Christina Ham, John Heimbuch, Joshua Humphrey, and Brian O’Neal continue discussion with a breakdown of chapter II of Outrageous Fortune, The Lives & Livelihoods of Playwrights.
As mentioned previously, we’d like you to join our conversation. Segments III and IV were recorded on Saturday with myself, Brian O’Neal, Christina Ham, and Mat Smart, and segments V and VI, with a possible wrap-up podcast, will be recorded in the upcoming weekend. We’re open to discussion and we’d like to address any interests or questions that listeners have on the show. Let us know through the comments section or by joining us on Twitter.
Look for parts III and IV as the week progresses, along with a Hamlet interview with David McMenomy.
00:00-04:36: Our conversation begins with the most troubling statistic of the chapter: productions of plays constitute only 15% of a playwright’s income.
04:36-05:45: We touch briefly on “premiere-itis” and the consequences of taking a show to New York.
05:45-13:14: There’s talk of sustaining your career and not becoming a big-name playwright before John moves into talking about the staging and scope of plays throughout American theatrical history. Can you say 900 fairies?
13:14-18:52: I swing us back to the conversation back to the income of playwrights, toward grant-writing and the money available for “emerging” playwright. We also discuss the training of theatre artists and how their educations effects the plays they want to produce and watch.
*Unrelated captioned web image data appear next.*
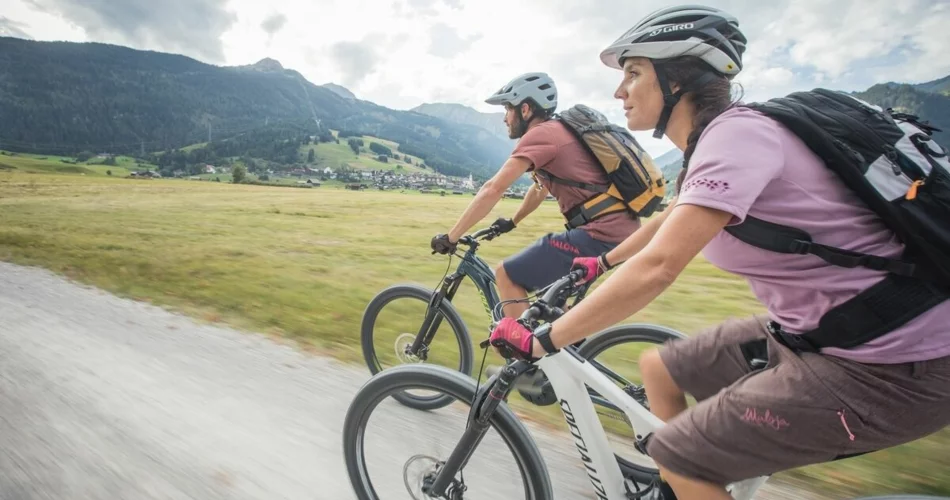 Zwei Radfahrer auf einem Weg | © Tiroler Zugspitz Arena/C. Jorda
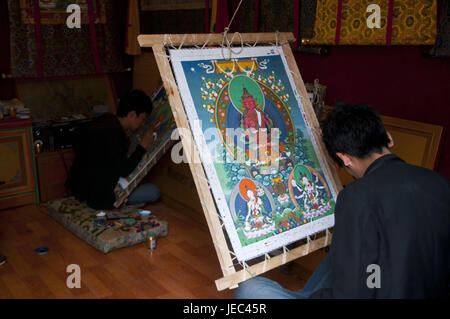 Peintre de deux productions d'une Thanka, peinture religieuse, Lhassa, Tibet, Asie, Banque D'Images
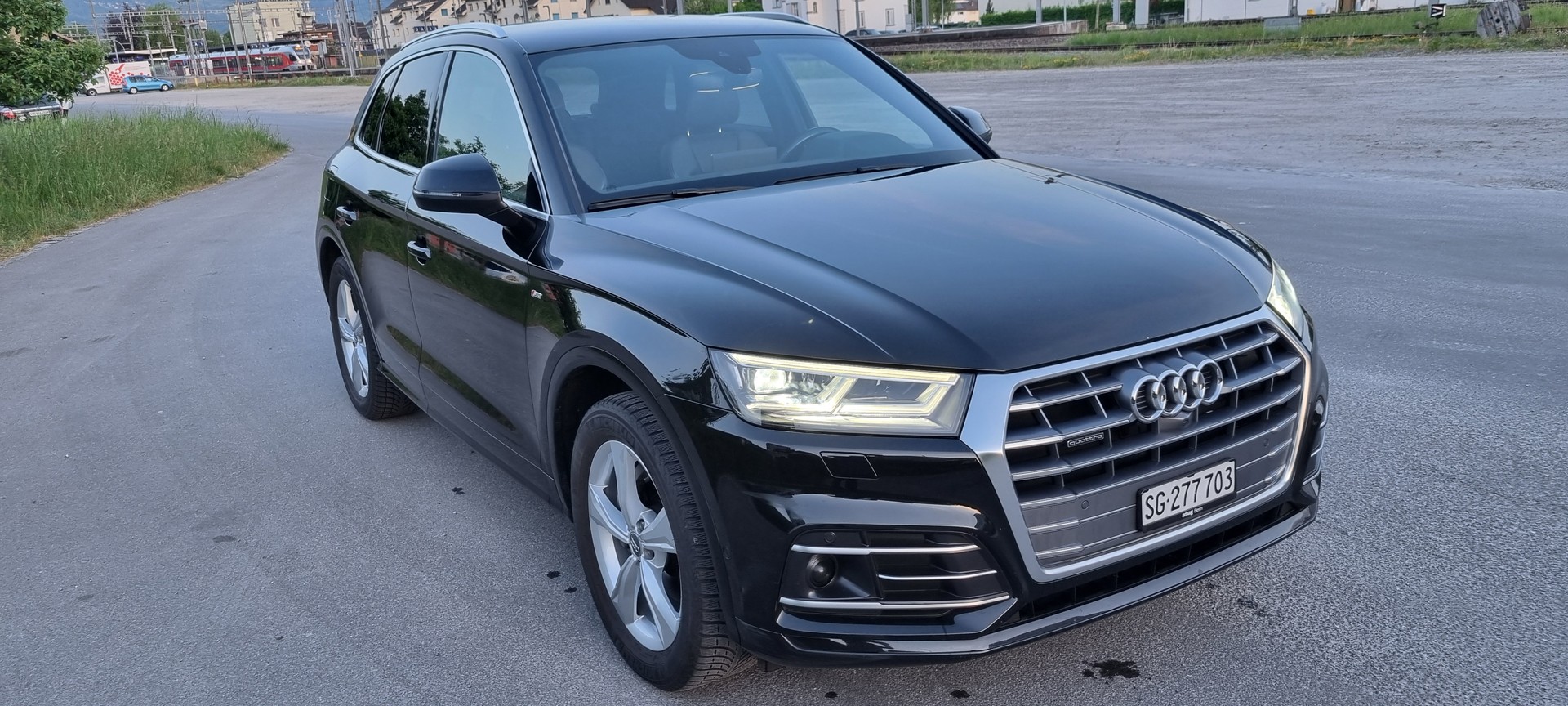 AUDI 2.0 TFSI Design qu. S-Tronic-image-1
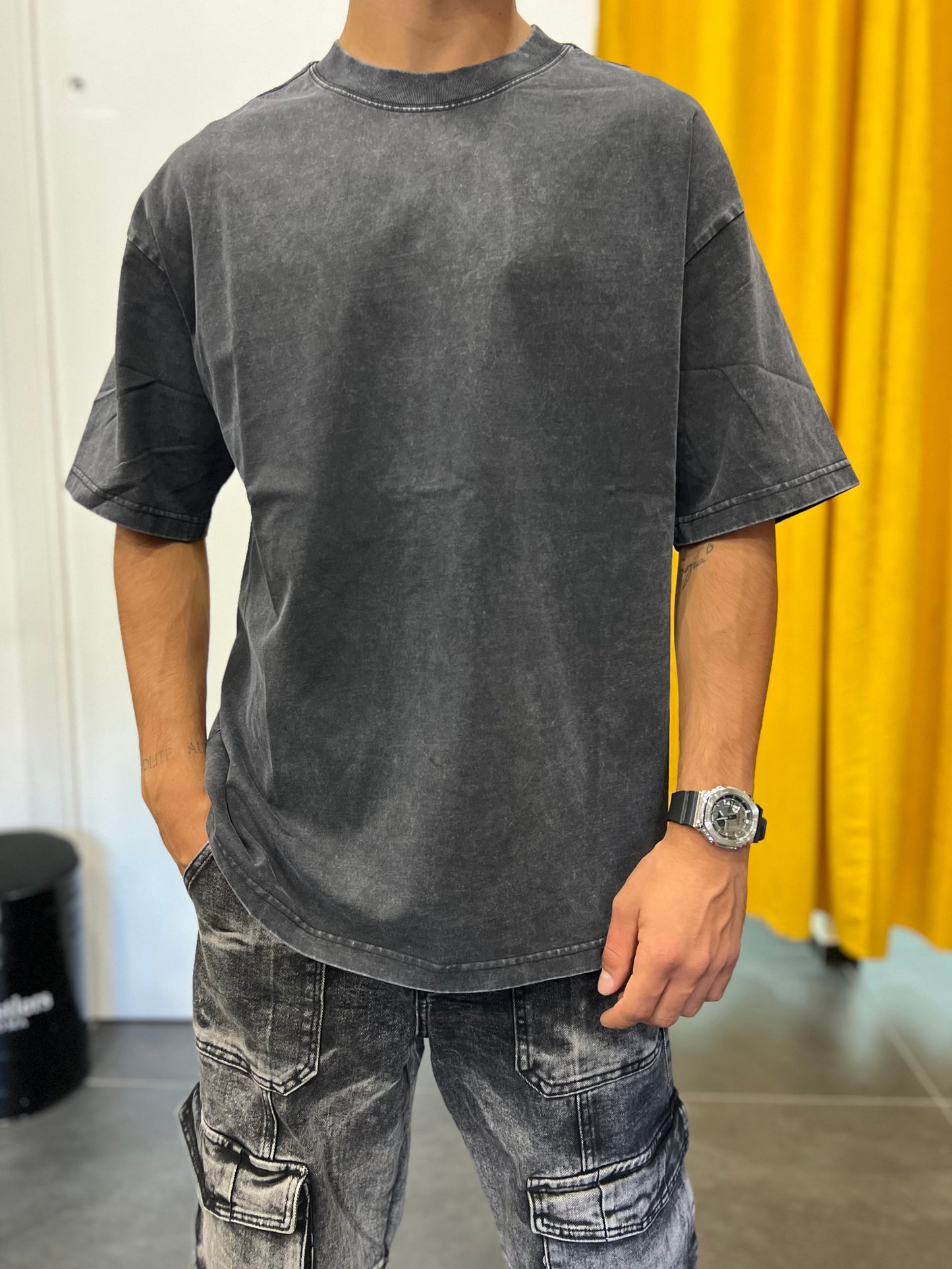 T-SHIRT Effetto STONE WASHED Grigio Scuro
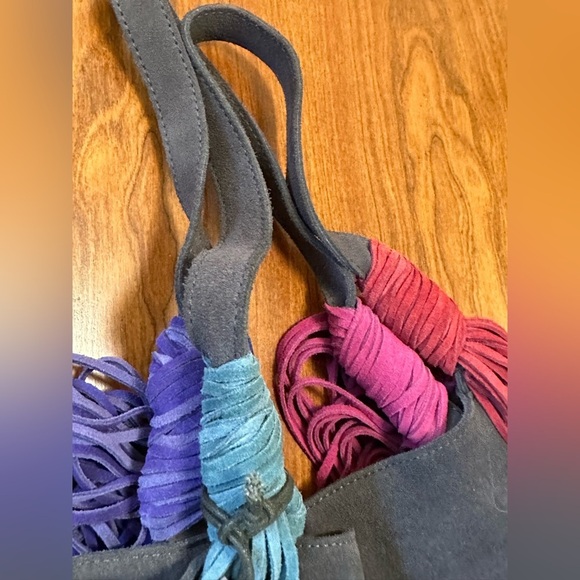 NWOT Monserat De Lucca Leather Bucket Bag w/ Bright Tassels - Anthro Exclusive - Picture 4 of 7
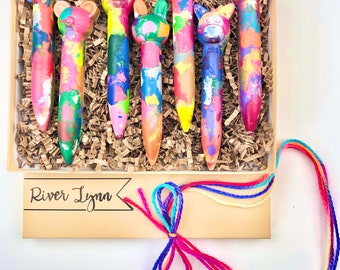 Animal Crayons - Rainbow Animal Stick Crayons - Toddler Crayons - Stocking Stuffer for Kids - Birthday Kids Crayons - Toddler's Gifts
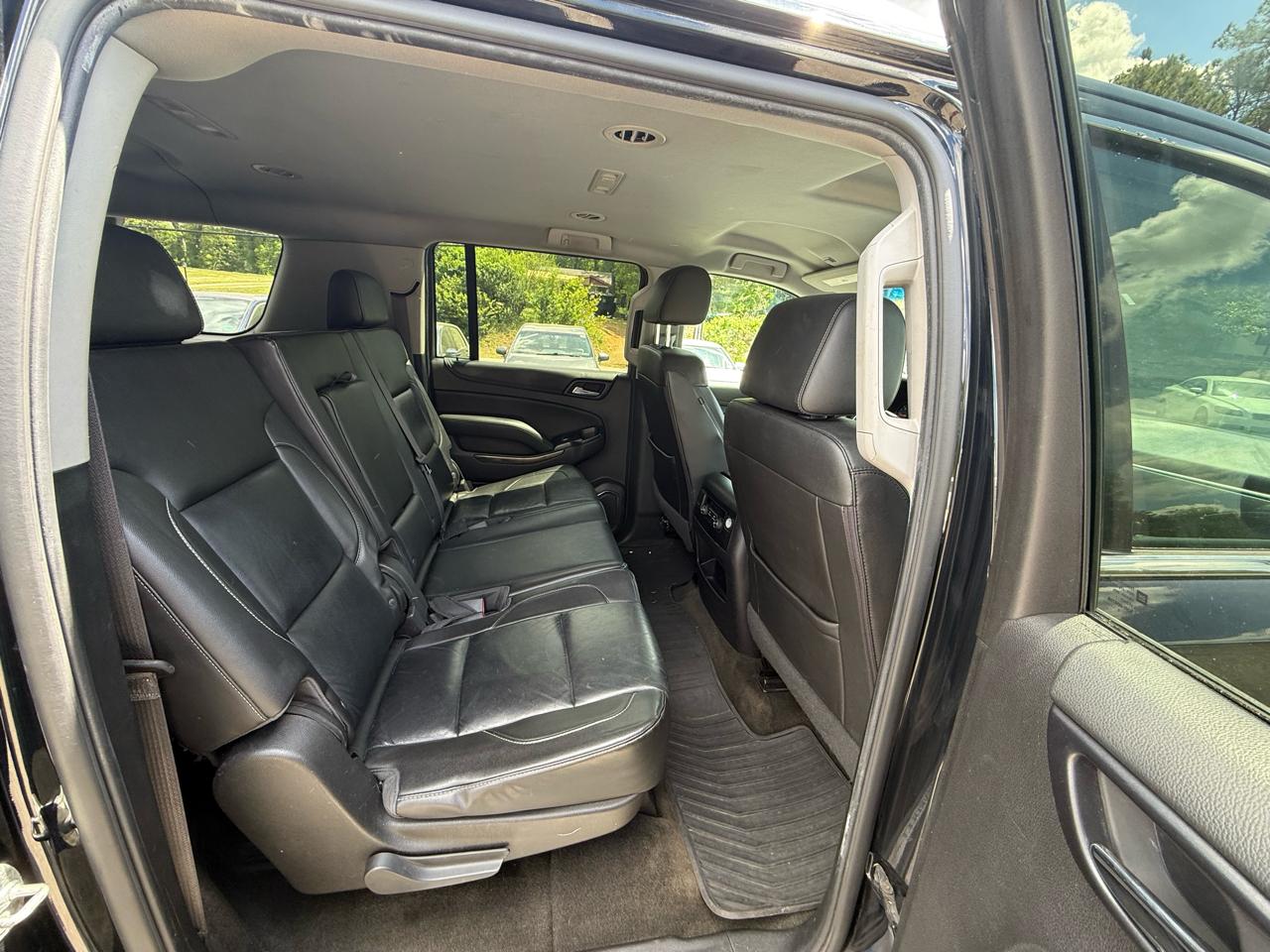 Chevrolet Suburban LT 4WD 2016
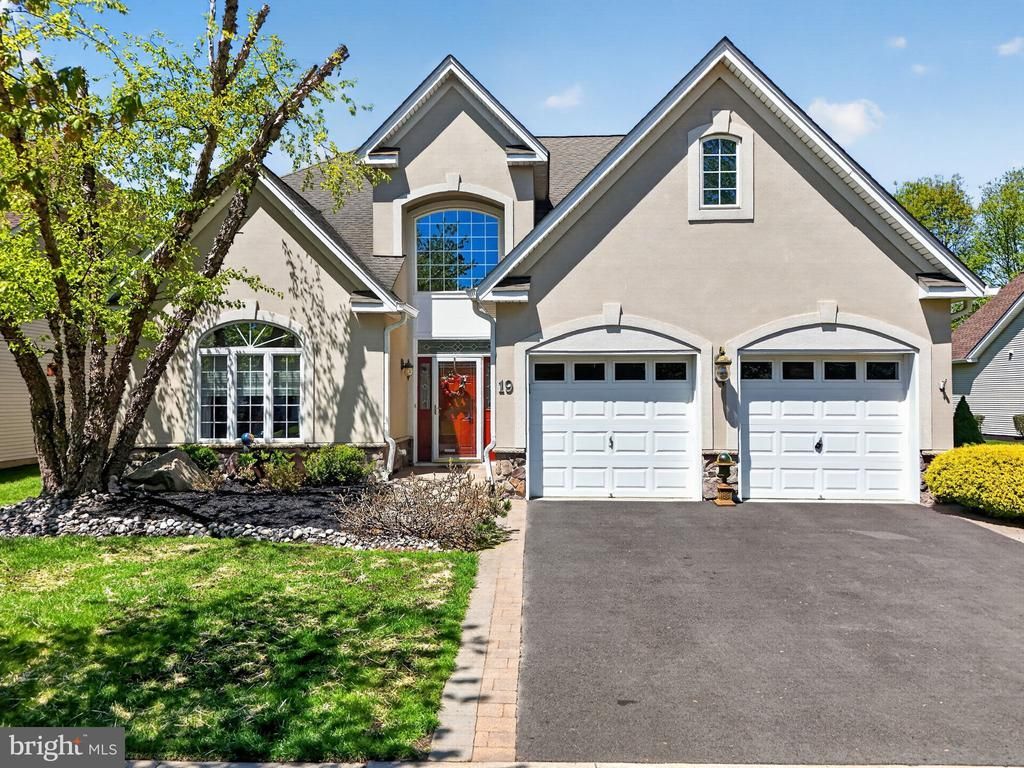 19 Monte Carlo Drive, Robbinsville, NJ 08691 Main Photo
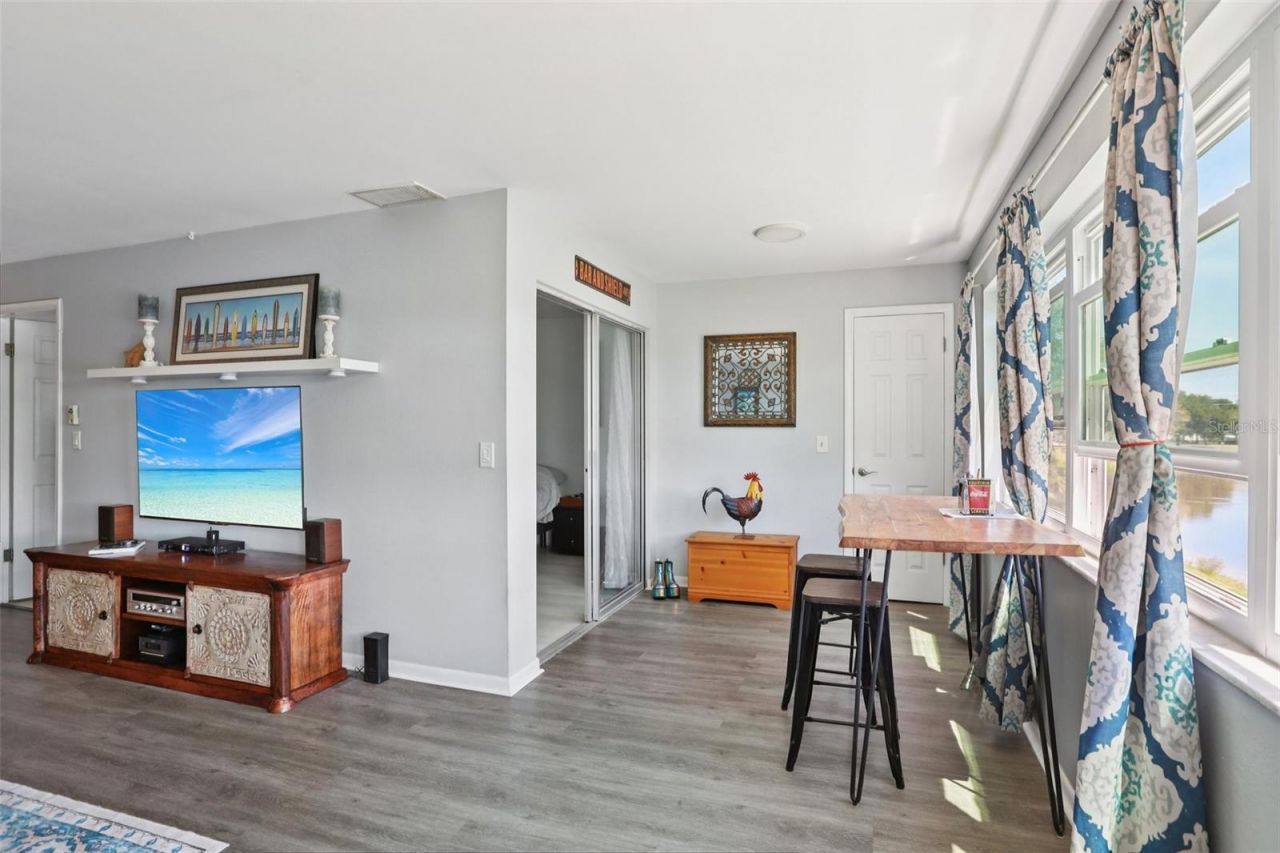 3850 13th Avenue N, Unit 210, Saint Petersburg, FL 33713 Photo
18:52-25:02: The level of expectation associated with graduate track programs for playwriting and the inability of playwrights to support the level of debt they entail.
25:02-26:52: Something not mentioned in the book are those of franchised shows–like Triple Expresso and Tony n’ Tina’s Wedding–that are “off-the-radar” because they’re not canonical.
26:52-30:39: Submission and productions of plays and their drain on a playwright’s time and resources enters the conversation.
30:39-34:30: The depressing nature of the book, in particular this chapter, the career path in which playwrights find themselves, and how John and Christina have benefited from writing and producing in the Twin Cities.
34:30-37:35: We touch on the other ways in which playwrights earn a living and discuss the lure of television.
37:35-43:00: I quote a specific passage on the “ego” of the writer in order to gauge Christina and John’s reaction.